She began her formal art education at South Dakota State University in Brookings, where she earned a Bachelor of Arts degree with an emphasis in printmaking. In her senior year she was honored with the Ritz-Caldwell-Young Art Scholarship. Her thirst for knowledge led her to the University of South Dakota in Vermillion where she worked towards her Master of Fine Art degree. Her talent was quickly noticed and she was awarded an apprenticeship at Echo Press, a fine art lithography press in Bloomington, Indiana. There she studied advanced lithographic techniques under the guidance of master printer David Keister and print maker Rudy Pozzatti of Indiana University.

When asked about creative influences, Susan cites print maker Gerald Kruse. “He taught me the beauty of line and the importance of composition. But the most important thing he taught me was to create what I know and what I believe.” While completing her education and in her career afterwards, she has participated in several solo exhibitions and won numerous awards. Her work can be found in private, civic, and corporate collections including the South Dakota Memorial Art Center, the Nobles County Art Center in Worthington, Minnesota, and in Donald Trump’s Taj Mahal in Atlantic City, New Jersey. Susan moved from the heartland of America to the center of the Western Desert in Phoenix, Arizona. “They don’t ride horses to work, but there are bridle paths through the city, and back streets that lead to the nearby desert preserves, and the Arabian horse world revolves around Scottsdale. It’s been an inspiration to be so connected to nature and around such beautiful horses.”

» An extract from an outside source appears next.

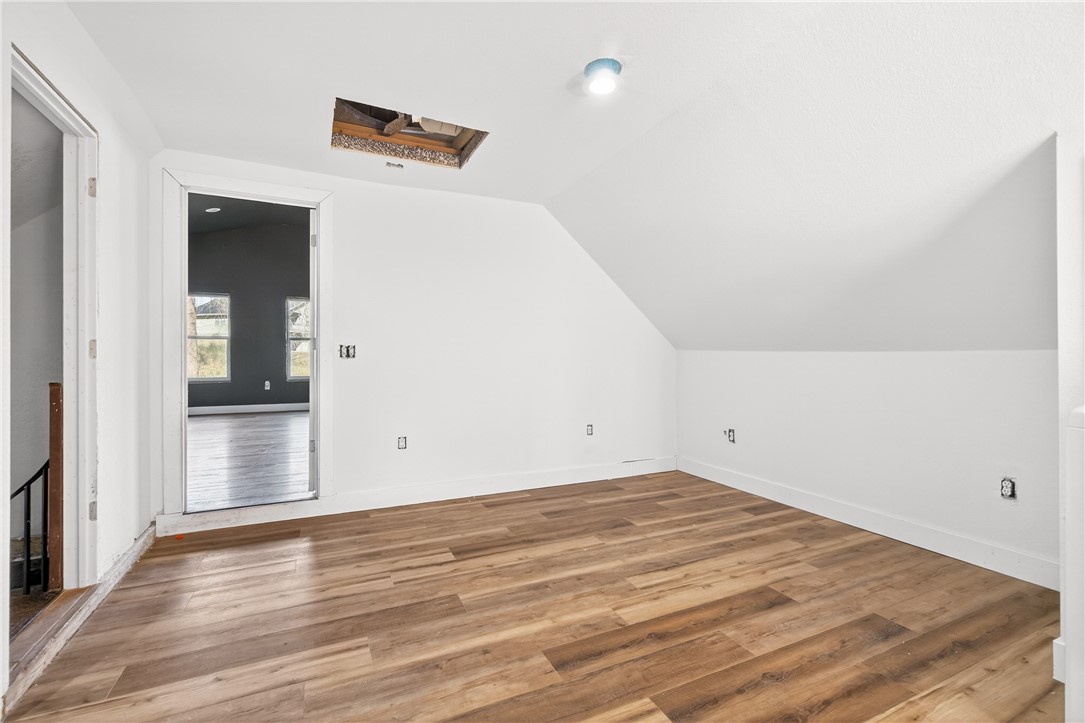 Beaver Shores Unit 1 Rurban - Residential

Susan’s primary source of inspiration is derived from the world of nature that surrounds her. It is natural that her work has taken on aspects of her newest influences. Susan now incorporates natural wood veneers and handmade papers into her work. Her love of the outdoors is evident in her color palette, a mix of warm neutrals with splashes of blues and greens. While she is constantly exploring new mediums, it is her affection for nature that is the driving force behind her work.